# The task
The lines below from the one with "A SET OF SIX WHITE METAL CUP HOLDERS." up to and including the one with "The likeness of" are what you should set down, exactly and without pictures.

# Provided records
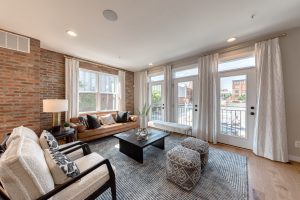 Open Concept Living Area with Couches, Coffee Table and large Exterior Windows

...

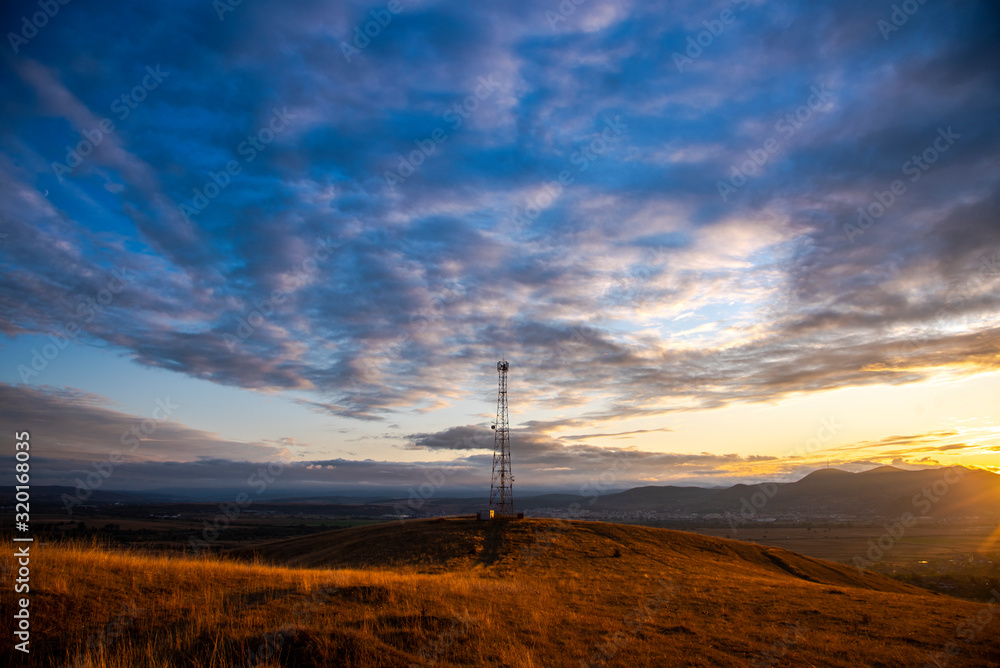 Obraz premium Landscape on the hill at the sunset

* * *

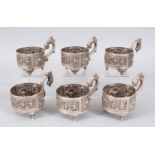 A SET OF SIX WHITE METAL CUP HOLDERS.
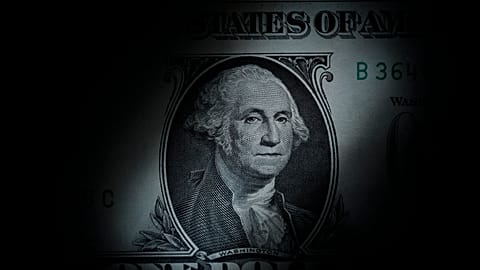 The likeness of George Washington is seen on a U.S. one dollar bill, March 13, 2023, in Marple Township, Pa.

# Response area
 A SET OF SIX WHITE METAL CUP HOLDERS.
 The likeness of George Washington is seen on a U.S. one dollar bill, March 13, 2023, in Marple Township, Pa.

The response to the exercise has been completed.